In a tape-recorded statement he provided to the police before he was considered a suspect, defendant admitted that he had gone to the apartment complex with Pearsall and his brother Mike, knowing that Mike was planning to buy drugs there from another young man. He asserted that, after Mike had dropped him and Pearsall off to make the purchase and driven away, the young man approached on a bicycle and, without provocation, shot Pearsall. To protect his friend, defendant then allegedly lunged at the bicyclist, and got him into a headlock. This caused the bicyclist to shoot defendant in the hands.
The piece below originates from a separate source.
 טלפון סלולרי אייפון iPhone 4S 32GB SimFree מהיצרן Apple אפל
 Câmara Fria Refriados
Defendant altered his story, however, in another tape-recorded statement he gave to the police two weeks later, after being issued Miranda*fn1 warnings. In that second recorded statement, defendant acknowledged that when he drove to the apartments, he knew that Pearsall was planning to rob the young drug dealer. Defendant stated that when he and Pearsall encountered the youth, the youth stopped his bicycle. Pearsall then grabbed the youth by the shirt, and the youth, in response, pulled out a gun and shot Pearsall. Defendant then admittedly "jumped on" the youth, because he knew the youth "was going to try to shoot me next."

The attack on R.C. and the ensuing gunfire was observed by another minor, G.P., who resided at the same apartment complex. G.P. testified at trial that he had seen "this guy riding up pretty slowly on a bike to these two other guys." He then saw the rider knocked off his bike, and heard words exchanged. According to G.P., who was approximately seventy-five feet away at the time, "it looked like [the two men] were trying to beat [the bicyclist] up or rob him or something." G.P. then saw "a couple [of] gunshot flashes." G.P. then ran off in the opposite direction. G.P. reported the incident to the police, telling them that he "saw the whole thing." He could not, however, identify the participants, because he had been too far way to see their faces.
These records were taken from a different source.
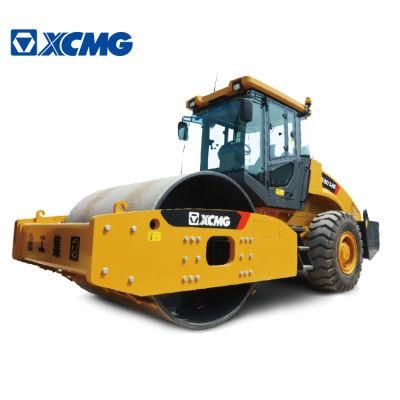 Road Construction Machine Road Roller XCMG Official 20 Ton Road Roller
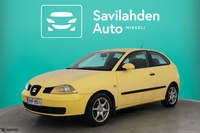 SEAT Ibiza vaihtoauto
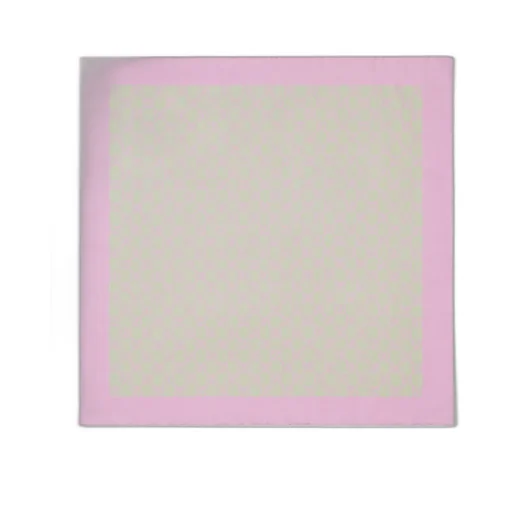 Gg Silk Twill Bandana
Defendant and Pearsall were subsequently arrested. They were indicted together in a two-count indictment charging them with second-degree robbery, contrary to N.J.S.A. 2C:15-1, and second-degree conspiracy to commit robbery, contrary to N.J.S.A. 2C:5-2 and N.J.S.A. 2C:15-1.
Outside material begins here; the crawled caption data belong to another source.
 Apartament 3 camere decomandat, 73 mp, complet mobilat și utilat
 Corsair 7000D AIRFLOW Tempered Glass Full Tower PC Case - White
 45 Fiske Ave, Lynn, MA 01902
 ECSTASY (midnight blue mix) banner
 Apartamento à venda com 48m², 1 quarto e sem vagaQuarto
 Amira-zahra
Meanwhile, R.C. also was taken into police custody and charged as a juvenile with possession of a weapon without a permit. R.C. pleaded guilty to the weapons charge and served a term at the New Jersey Training School juvenile facility at Jamesburg. When he testified at defendant's trial, R.C. verified that he had planned to sell drugs to Mike Brady near the apartment complex. He then recounted how defendant had knocked him off his bike and had physically attacked him with Pearsall's assistance. R.C. perceived that ...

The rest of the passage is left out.